<Anchor>

Reporter Kwon Ae-ri, friendly economy, is on Tuesday. Reporter Kwon, I had a mixed expectation that the last two quarters would be the lowest point of our game, but in fact, I am a little worried about what will happen now. There are several reports on the long-term outlook for our economy.

<Reporter>

Yes, I am worried that the current corona spread is not so serious, but under the premise that we are preventing the corona relapse, Korea is considered as the country with the least hit this year in the world.

This is a story last week when the OECD released a report on Korea. Among the OECD member countries, Korea is the one that stands the best.

It was a very welcome story, but in fact, overall, the report also contained some concerns about the long-term future.

It gave the prospect that the vitality of our economy is structurally declining. It is an analysis that the potential growth rate of Korea over the next 40 years will only be 1.2% per year.

It is less than half of the annual average of 3% of the potential growth rate over the past 15 years. Even last year, Korea's actual economic growth rate managed to achieve 2%.

I was able to do better because the situation wasn't good, but I couldn't reach the maximum goal. In other words, it is like a student like,'I have a good brain, but my grades were not good because I could not study this year.'

Potential growth rate, the degree to which we can grow to a level that does not stimulate inflation while exerting the maximum in all of our sectors. This is because we thought that this is 3% so far.

In the future, it will be difficult for the OECD to come up with an estimate that even if Korea achieves the best it can do, it can only grow at a little over 1% per year over the next 40 years.

<Anchor>

Why did you say it looks like that?

<Reporter>

There are many reasons, but above all, aging, which is rapidly progressing, is considered the biggest factor. When we talk about economic growth, we see three main factors. One of them is people and labor.

However, we estimate that this year could be the first year of the population cliff with more people dying than people born as Koreans.

From the age of 25 to 49, the so-called core workable population is already declining 10 years ago. That is why the OECD has put out the advice that the Korean labor market has regularly given.
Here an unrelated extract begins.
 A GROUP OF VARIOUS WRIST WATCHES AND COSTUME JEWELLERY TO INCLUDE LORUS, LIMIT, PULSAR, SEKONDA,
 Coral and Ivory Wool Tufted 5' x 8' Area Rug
Since the aging is a fixed situation, policies to increase the employment rate of highly skilled women, such as women with career breaks, should be implemented and the job quality of the elderly should also be improved.And it is good for young people to have good vocational education so that they can enter the labor market effectively and quickly if possible. These are the tips.
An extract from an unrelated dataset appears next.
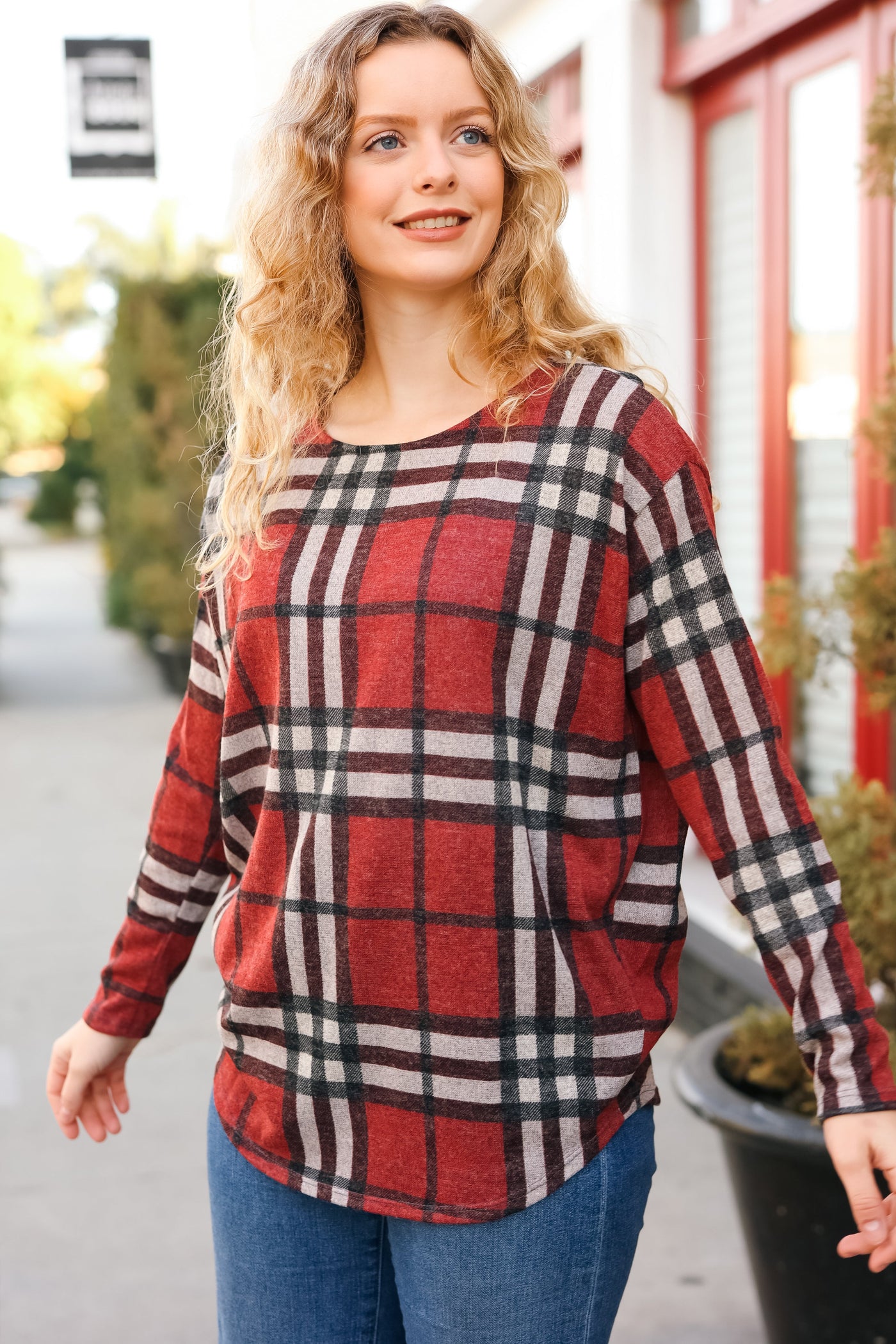Perfectly You Boat Neck Long Sleeve Top - Red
It's a regular advice and I've heard it familiarly, but it's a desperate problem, and if you don't take it into account, the time when the real economic growth is getting harder is getting closer.

<Anchor>

I think we have to do something before it really comes to reality. How about?

<Reporter>

Yes, so, in addition to labor, private investment in the Korean economy must be revitalized. There are more and more voices that it is urgent to create an environment that promotes such things.

Yesterday (17th), a report from the Korea Insurance Institute specifically pointed out this point. Of the three factors necessary for growth, labor, which I mentioned earlier, is actually facing the biggest problem right now, so the other two factors, namely capital and Productivity becomes more important.

Of course, the higher the productivity, the better. However, it is very difficult to raise this quickly and visually.

So, it is the most realistic approach right now to raise enough capital by allowing private investment to increase even a little.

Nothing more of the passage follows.